* [Directions for this task]: Could you retype the lines below, starting at the line holding "thumbnail image 2" and stopping at the line holding "Boots Mid-calf Heels", inclusive? Copy them exactly and drop the images.

* [Extracted information]:
'''
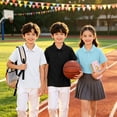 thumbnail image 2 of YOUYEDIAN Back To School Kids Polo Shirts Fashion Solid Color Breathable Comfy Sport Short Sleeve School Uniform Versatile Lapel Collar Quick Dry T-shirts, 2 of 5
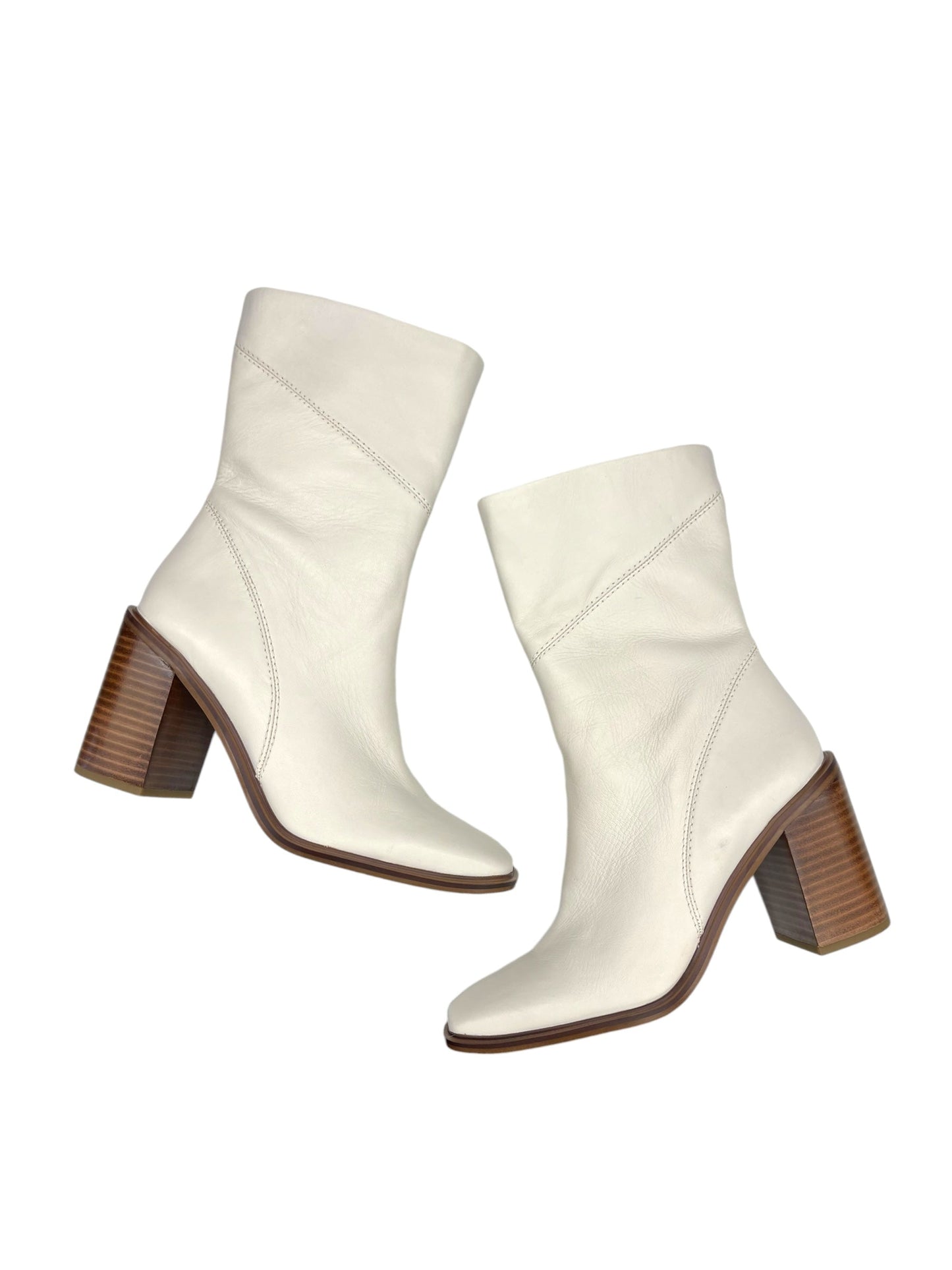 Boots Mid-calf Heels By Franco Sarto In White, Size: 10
'''
'''
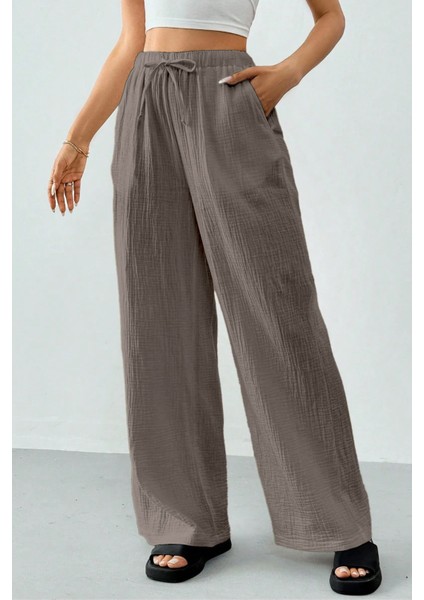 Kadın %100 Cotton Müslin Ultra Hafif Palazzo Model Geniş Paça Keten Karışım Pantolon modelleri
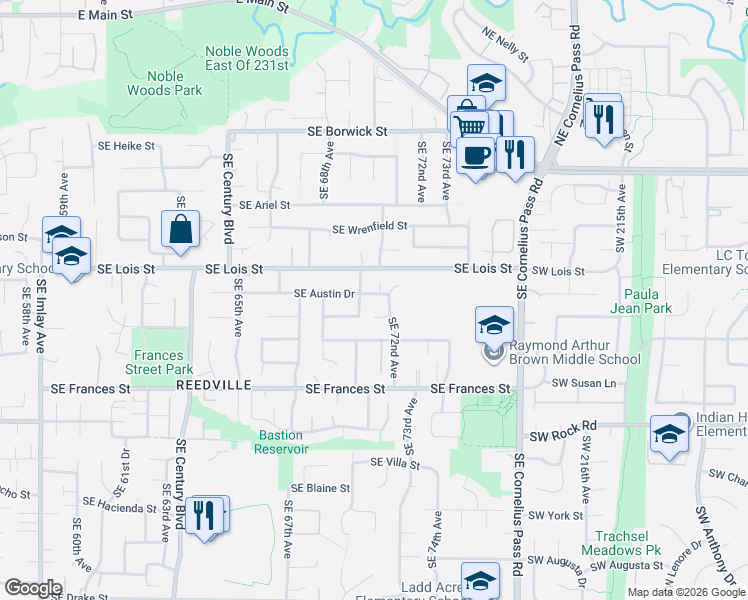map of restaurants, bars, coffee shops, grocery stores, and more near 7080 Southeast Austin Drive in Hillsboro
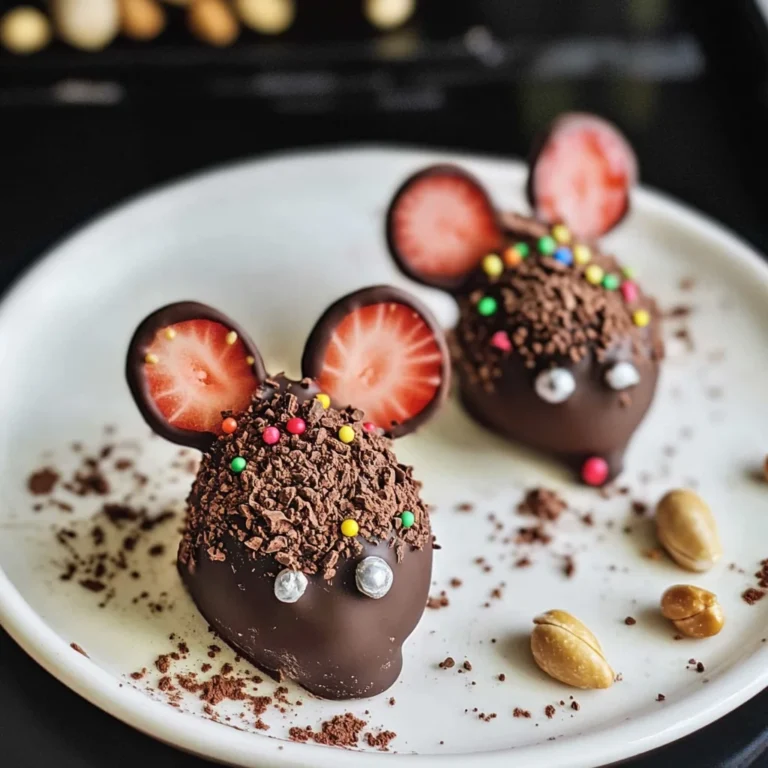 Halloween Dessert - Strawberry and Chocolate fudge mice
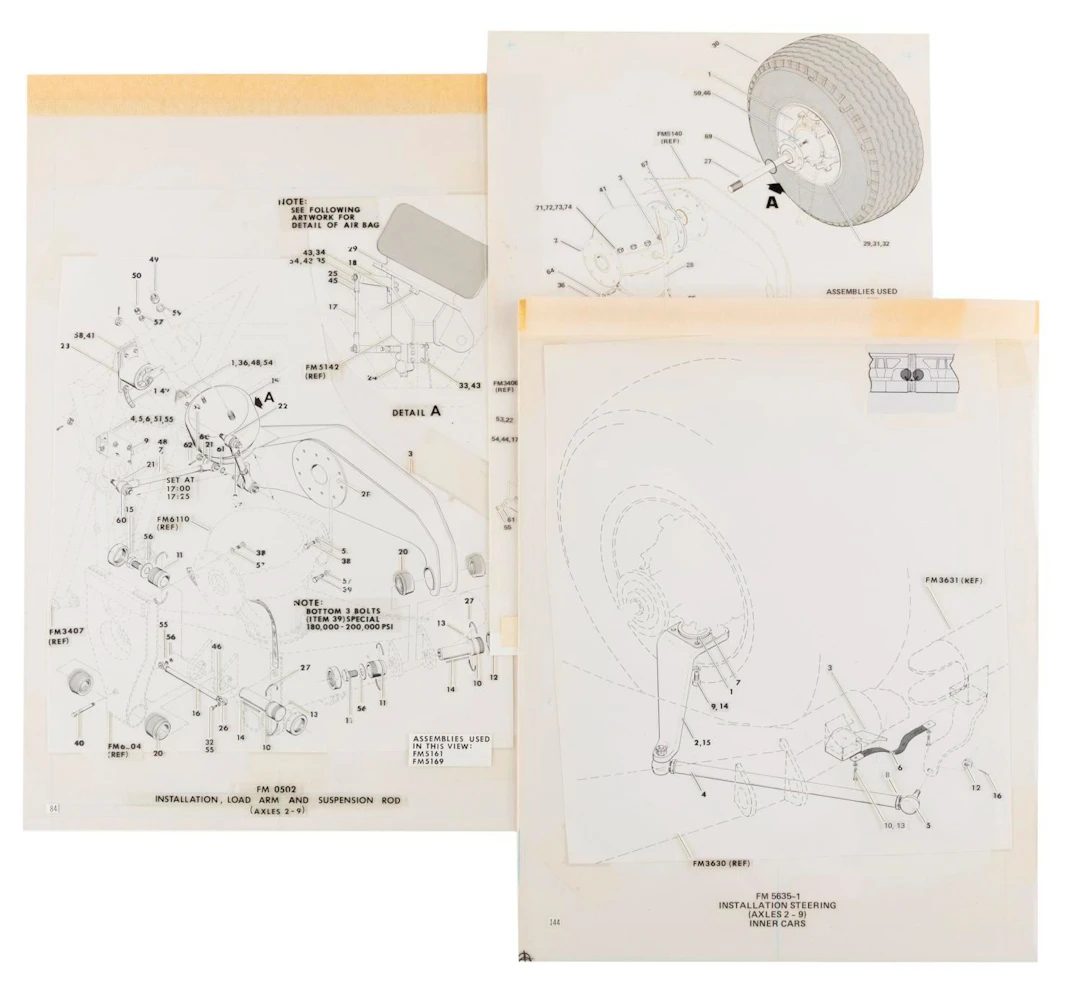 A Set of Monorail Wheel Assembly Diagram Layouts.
'''
'''
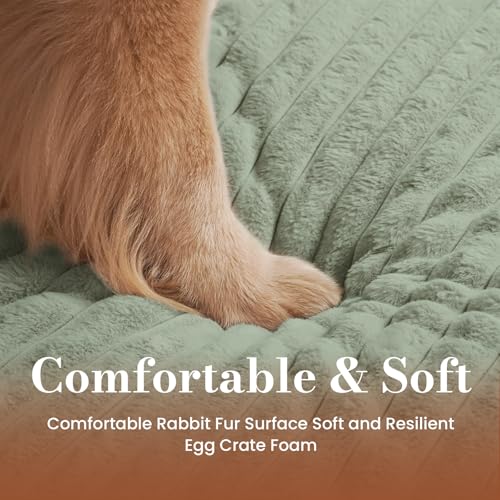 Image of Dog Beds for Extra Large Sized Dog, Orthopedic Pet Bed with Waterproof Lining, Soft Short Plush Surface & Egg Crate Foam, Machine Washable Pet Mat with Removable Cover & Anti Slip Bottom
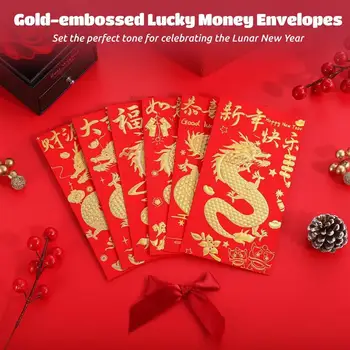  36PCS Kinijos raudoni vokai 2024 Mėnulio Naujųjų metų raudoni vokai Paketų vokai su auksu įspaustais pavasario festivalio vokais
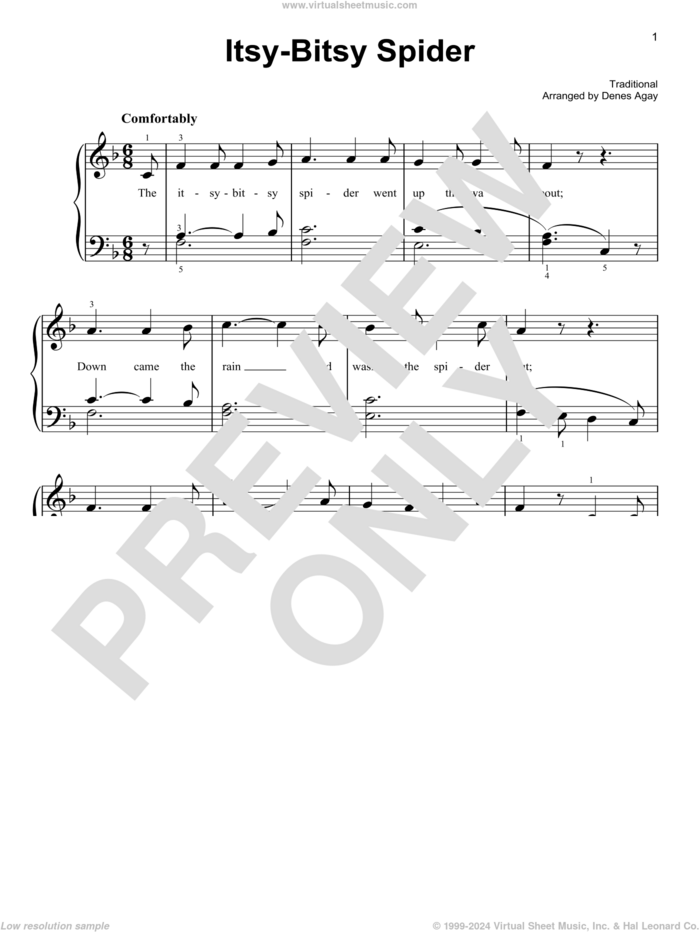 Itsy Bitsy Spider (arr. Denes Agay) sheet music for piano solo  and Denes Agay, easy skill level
'''
* [Result]:
 thumbnail image 2 of YOUYEDIAN Back To School Kids Polo Shirts Fashion Solid Color Breathable Comfy Sport Short Sleeve School Uniform Versatile Lapel Collar Quick Dry T-shirts, 2 of 5
 Boots Mid-calf Heels By Franco Sarto In White, Size: 10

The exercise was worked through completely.